Gute Versorgung auf dem Land

SZ: Wenn man mal einen Facharzttermin hat, lohnt sich auch das Warten...

Spahn: Sie dürfen nicht alle Fachärzte über einen Kamm scheren. So gibt es beispielsweise zu wenig Neurologen. Da sind Termine verständlicherweise nur schwer zu kriegen. Bei anderen Fachärzten müssen wir offenbar deutlich machen, dass ihr Schwerpunkt bei der Behandlung von Kassenpatienten liegt. Die Kassen müssen hier aktiver werden und verbindliche Absprachen mit den Ärzten treffen, damit ihre Versicherten zeitnah Termine erhalten. Mehr als zwei, drei Wochen Wartezeit sind inakzeptabel.

SZ: Das dürfte für Kassen mit Versicherten schwierig werden in Gebieten, wo es zu wenig Ärzte gibt.

Spahn: Stimmt. In Zukunft müssen deshalb die Ärzte in sehr dünn besiedelten Gebieten zu den Patienten kommen - in mobilen Arzt-Stationen beispielsweise. Montags fährt dann der Orthopäde vor, dienstags der Urologe, mittwochs der Augenarzt. Unter Umständen können auch die örtlichen Krankenhäuser diesen Service anbieten. Wir müssen hier die Grenze zwischen niedergelassenen Ärzten und Kliniken aufbrechen.
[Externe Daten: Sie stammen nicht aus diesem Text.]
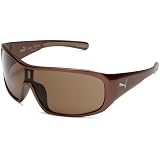 PUMA Eyewear Men's Visor PU15041 Sunglasses,Brown frame/Brown lens,one size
SZ: Ist gute Versorgung, etwa auf dem Land, auch eine Frage des Honorars?

Spahn: In manchen Fällen schon. Wir sollten Mediziner besser bezahlen, die in schlecht versorgten Gebieten arbeiten. Die leisten oft einen Wahnsinnsjob. Beispielsweise könnten die Regresse und Abschläge abgeschafft werden, um die ihr Honorar ab einer bestimmten Summe gemindert wird. Und in überversorgten Gebieten, könnte durch Aufkauf die Zahl der Arzt-Sitze gesenkt werden.

SZ: So eine Regelung kann aber leicht ausgenutzt werden, indem die Mediziner Leistungen aufschreiben, die sie gar nicht erbracht haben.

Spahn: Die beste Kontrolle erfolgt da durch den Patienten selbst. Er hat ein Recht auf Transparenz über die Kosten. Hier könnte das Lieferscheinprinzip helfen. Der Arzt legt dem Patienten eine Übersicht über die erbrachten Leistungen vor, und erst wenn dieser sie ihm quittiert hat, kann der Arzt abrechnen.

SZ: Und bis wann wollen Sie das alles hinkriegen?

Spahn: Ich bin Optimist. Bis Ostern sollten wir Eckpunkte haben und bis Ende 2011 durch sein.